As part of its systematic review of Lennons Find historical data, Laconia initiated a state-of-the-art, fixed-loop electromagnetic survey, using 100m line spacing, covering 5km of mineralisation.

Laconia aims to incorporate this data when it comes to identifying new drill targets in order to further define and delineate the current resource base.

The current historically high price for precious metals is providing the company with the impetus to advance Lennons Find as quickly as possible.

“The Lennons Find project has been around for quite some years; however, the exploration effort there to date has been somewhat disjointed,” Stuart said.

“Jabiru Metals is probably the most recent player to have put any reasonable effort into it.
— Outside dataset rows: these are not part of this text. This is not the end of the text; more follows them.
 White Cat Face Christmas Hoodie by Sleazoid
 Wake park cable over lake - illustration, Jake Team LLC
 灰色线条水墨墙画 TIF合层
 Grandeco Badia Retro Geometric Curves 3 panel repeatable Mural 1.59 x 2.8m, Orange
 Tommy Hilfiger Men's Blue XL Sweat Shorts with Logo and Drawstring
“It is worth noting that they now hold twelve per cent of our stock so it is in their interest also that we actually get stuck in and put a concerted exploration effort into it.”
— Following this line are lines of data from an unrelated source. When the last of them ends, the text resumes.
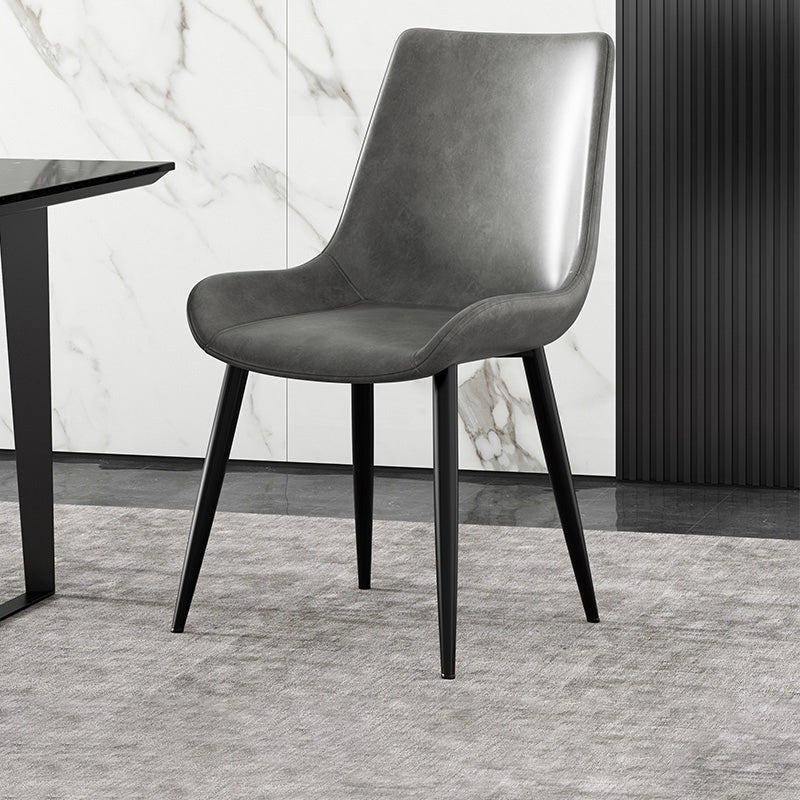 Metal Industrial Dining Side Chair Solid Back Dining Armless Single Chair Smoke Gray Clearhalo ' kitchen&dining_furn' 'Dining Chairs' 'Dining Tables & Seating' 'dining_chair' 'furn' 'furn_dining_chair' 'Furniture' 'furniture_dining_chair' 'Kitchen & Dining Furniture' 'kitchen' 4008223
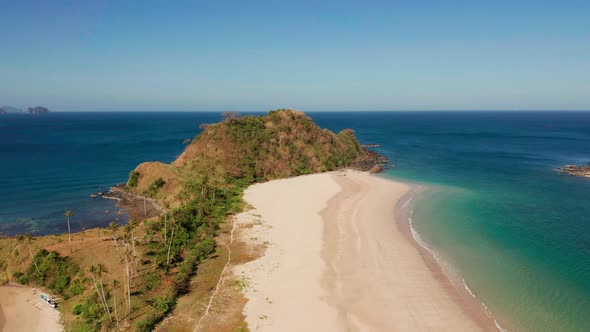 Wide Tropical Beach with White Sand View From Above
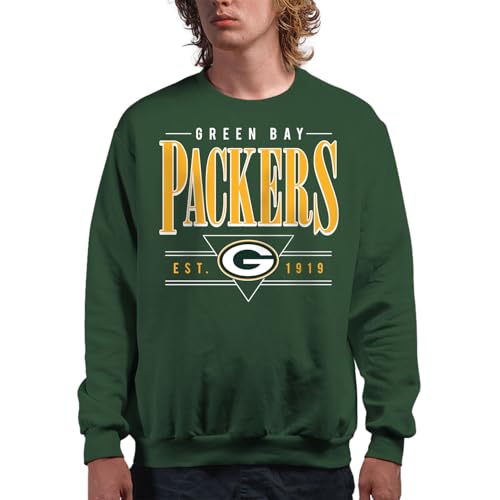 Junk Food Herren Bay Packers Established Retro – NFL Crew Fleece für Erwachsene für Damen Pullover, Grün (Forest Green), X-Large von Junk Food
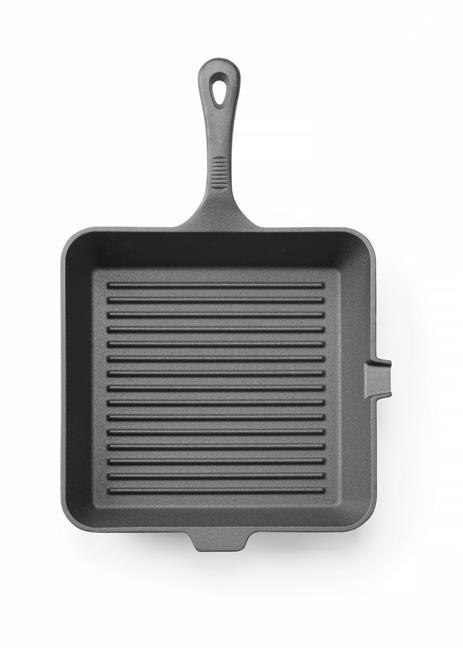 Patelnia Żeliwna Do Grillowania Czarny 250x250x50mm Hendi 629369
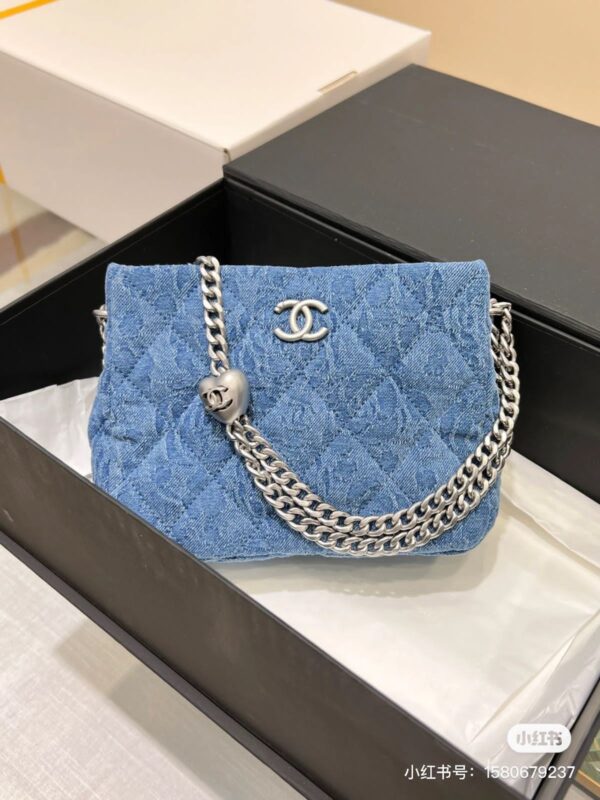 Chanel Quilted Denim Camellia Sweetheart Small Hobo Bag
The company has planned a shallow Reverse Circulation drilling program in June, to define the extent of mineralisation.

This will be carried out in conjunction with further resource definition drilling on the current Resource at Lennons Find.

“We consider this to be an advanced exploration play,” Stuart said.

“We do have a Resource, which is good place to start from, but we need more tonnes and we are highly confident that we can go out and get them.”

Shrewd acquisitions seem to be part of the Laconia mantra with another recent purchase, the nearby Yandicoogina project, also displaying encouraging prospects.

Yandicoogina was another all-scrip acquisition, this time for just 1.7 million shares, from Shaw River Resources and is less than 10km southwest along strike from the Lennons Find massive sulphide resource.

Shaw River carried out a rock chipping sampling program in November 2010, collecting over 120 samples that were analysed for a suite of precious and base metals.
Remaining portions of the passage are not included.